Archive for April, 2009

Using Twitter in and out of the Classroom

At the moment, I am working with Curriki on a number of open education initiatives in the Middle East and abroad. Today a post went live on the Curriki blog that I think many Literacy is Priceless readers will find of interest–a post regarding the use of Twitter in and out of the classroom. To see the original post, click here. I’ve also pasted a copy of the post below.

I would love to hear your thoughts about using Twitter for within the classroom. Feel free to share your comments here or on the Curriki blog!

Anna  (@Bon_Education)

P.S. Thanks to @moriza for inspiring my recent interest in using Twitter in the classroom!

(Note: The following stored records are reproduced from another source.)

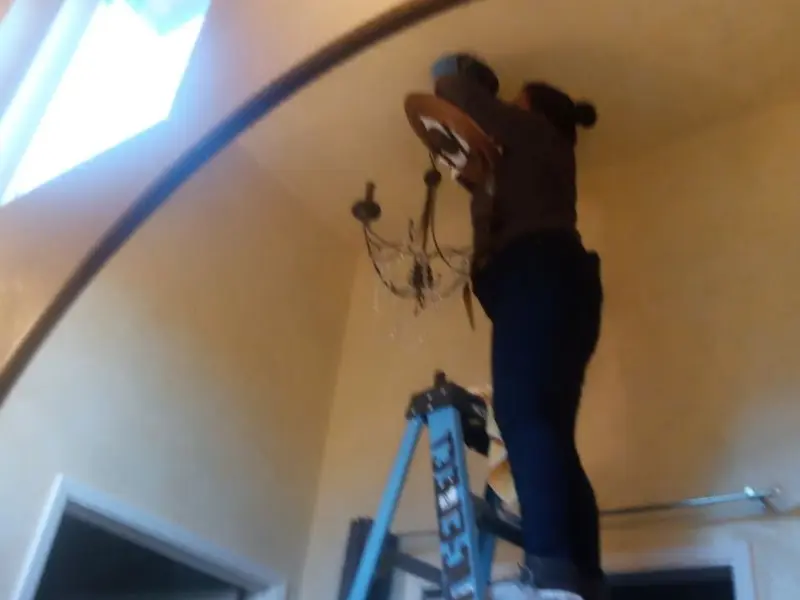 Electrician installing a chandelier in a Nahant residence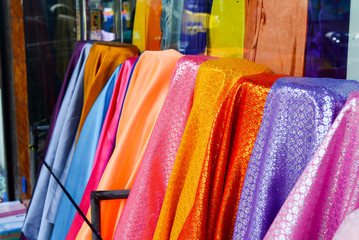 Obraz premium Colorful traditional embroidery fabric in market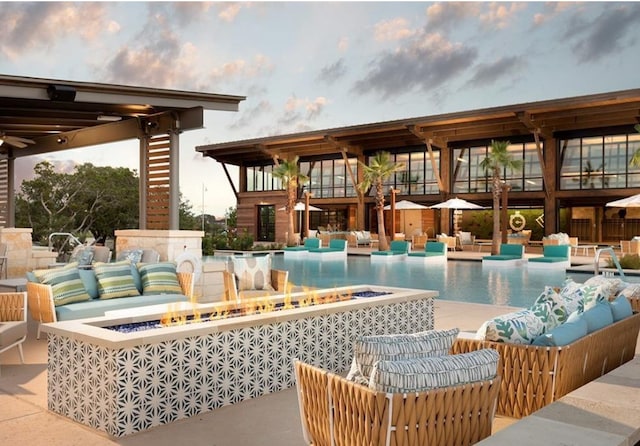 pool with outdoor lounge area and a patio area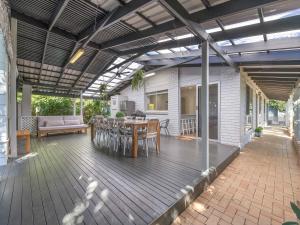 a patio with a table and chairs on a deck at Maroochy 4 Bedroom Family Beachhouse in Maroochydore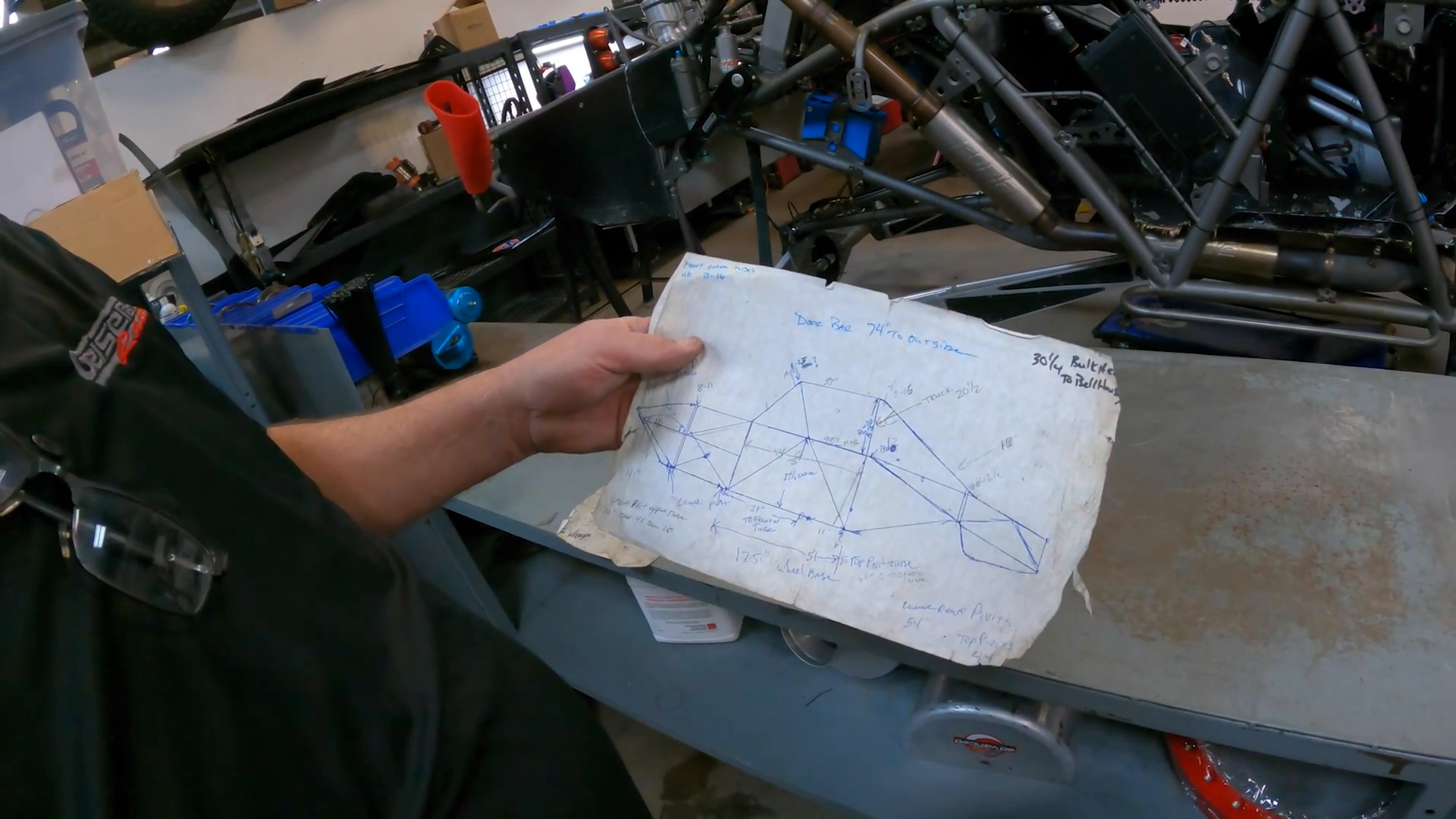 Person holding a hand-drawn diagram related to Prerunner design with measurements and notes in a workshop environment, visible are parts of a vehicle chassis and tools on a table.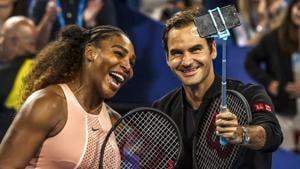 Serena Williams and Roger Federer take a selfie after their mixed doubles match on day four of the Hopman Cup.(AFP) Serena Williams and Roger Federer take a selfie after their mixed doubles match on day four of the Hopman Cup.(AFP)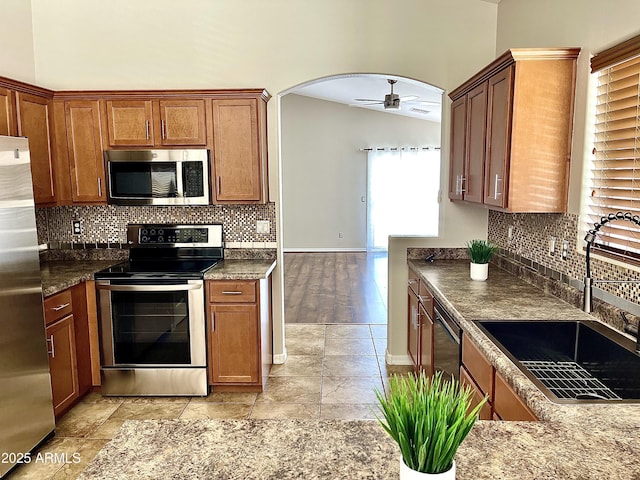 5749 S 247th Dr, Buckeye, AZ 85326 - kitchen featuring appliances with stainless steel finishes, a sink, arched walkways, ceiling fan, and backsplash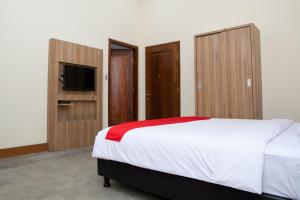 una camera con letto, TV e armadi in legno di RedDoorz Plus near Pasundan University a Bandung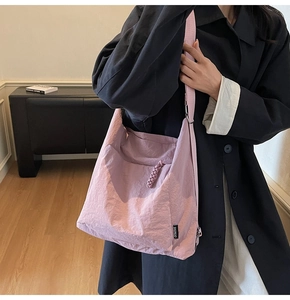 Détail du grand sac à bandoulière rose en tissu texturé avec étiquette de marque tissée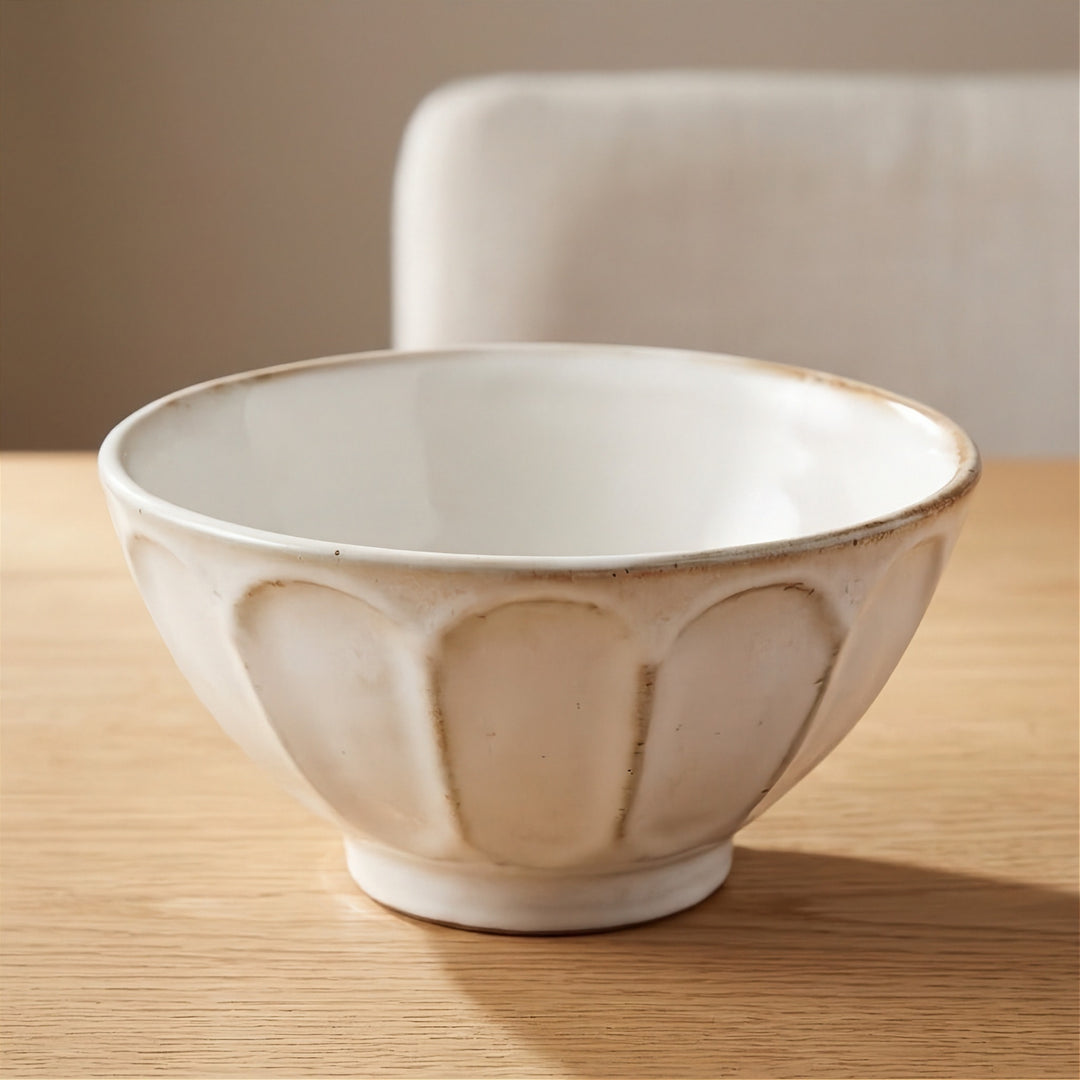 A ceramic bowl with a textured, matte off-white finish and a scalloped petal-like pattern on the exterior, sitting on a light wooden table with a blurred neutral background.
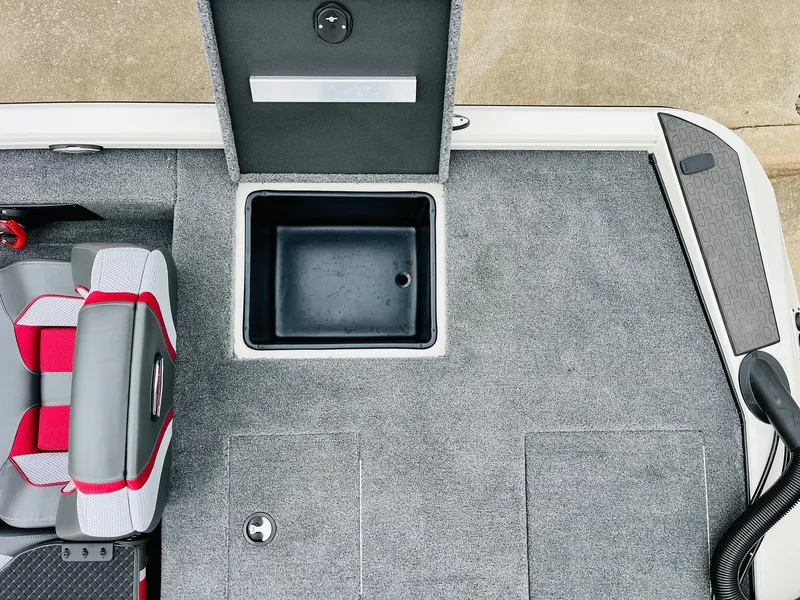 Slide: The Image of Ranger ALPHA 208 2025 boat interior with open storage compartment and seating. - 45
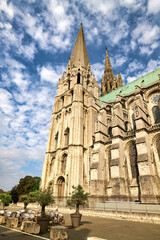 Fototapeta premium Chartres Cathedral stands tall against the blue sky in Chartres France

Using Twitter in and out of the Classroom

Recently there has been a surge of interest around the use of Twitter and other social media tools in the classroom. As this article points out, educators are increasingly experimenting with Twitter as a teaching tool in and out of the classroom to share resources, increase communication and prepare their students with skills for the 21st century workplace.

For Curriki members that have heard of Twitter, but don’t quite know what it is… Wikipedia states:

Twitter is a free social networking and micro-blogging service that enables its users to send and read other users’ updates known as tweets. Tweets are text-based posts of up to 140 characters in length which are displayed on the user’s profile page and delivered to other users who have subscribed to them (known as followers).

As you explore ways to effectively use Twitter for educational purposes, take a look at this presentation by Tom Barrett titled, “Twenty-Two Interesting Ways to use Twitter in the Classroom”. For example:

  • Idea #1: Student can use Twitter to gather real world data up-to-date data by posting questions to fellow tweeters about location, historical facts, temperature, etc.
  • Idea #3: Students can use Twitter to summarize their opinions or topics they’ve learned in class.
  • Idea #10: “Word Morph”. Students can use Twitter to ask peers for synonyms and other word-related information.
  • Idea #17: Students can use Twitter to communicate with experts.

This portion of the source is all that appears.